Done right, beef cheek is silkier than short rib, richer than brisket, and impossibly tender. It's the cut that rewards patience — and at Crown, patience is the whole recipe.
Why connective tissue is the secret
The collagen that makes beef cheek tough when raw is exactly what makes it luxurious when slow-cooked. Hold it at a low simmer for hours, and that collagen breaks down into gelatin, basting the meat from the inside and leaving you with a texture you can't get from any "premium" steak cut.
A properly braised cheek doesn't shred — it yields. Press it with a fork and it falls into glossy ribbons.
How Crown cooks it
Long, low, sealed in moisture. Aromatics — onion, garlic, bay, a few whole spices — and just enough liquid (chiles, broth, citrus) to carry flavor without diluting it. No pressure-cooker shortcuts; pressure cooking gets you tender, but it doesn't get you that silky, glossy texture that defines a great cheek.

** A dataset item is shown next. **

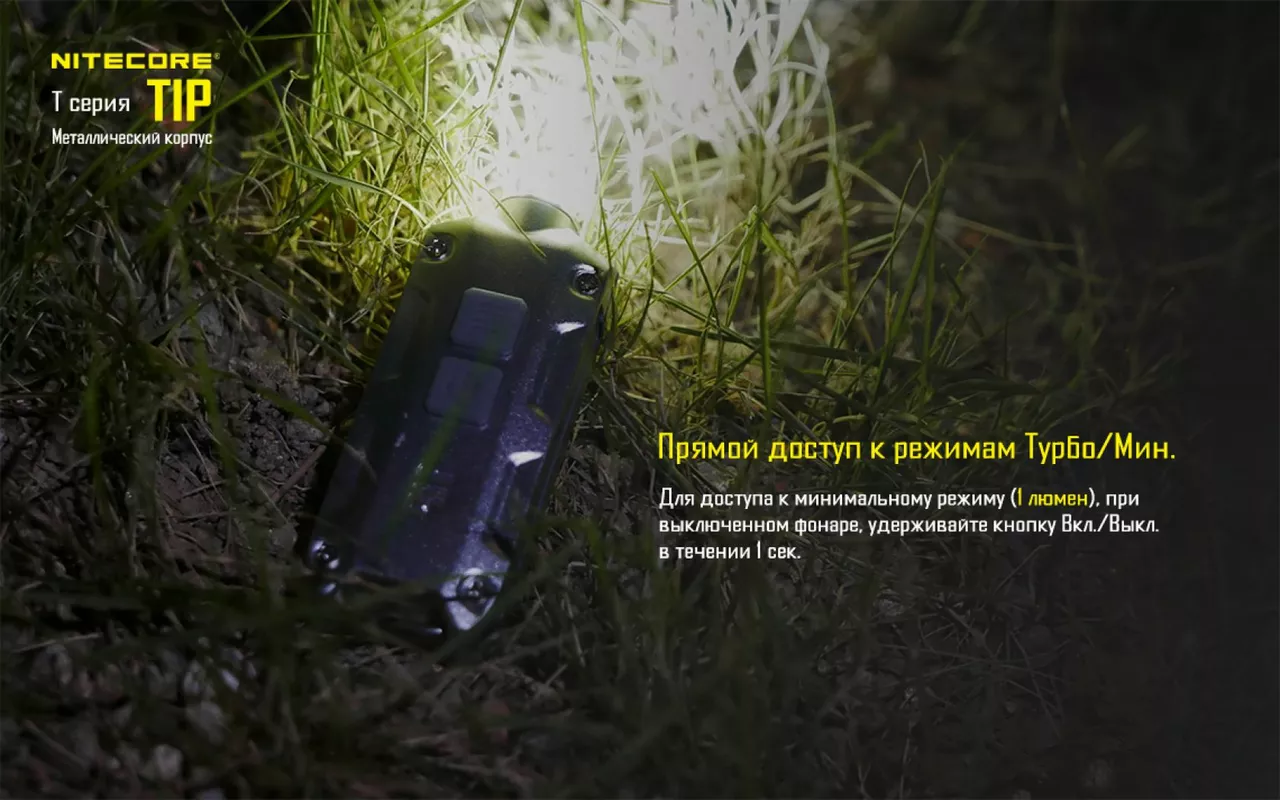 Фонарик Nitecore TIP (Cree XP-G2) Синий - фото 16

The cooking liquid reduces alongside the meat, so the finished cachete is glazed in its own intensified juices. We don't add extra sauce because we don't need to.
How to eat it
This is a taco that wants to be respected:
- A warm handmade corn tortilla.
- A small pile of white onion and cilantro.
- A squeeze of lime.
- A salsa with acid or smoke — never anything that overpowers.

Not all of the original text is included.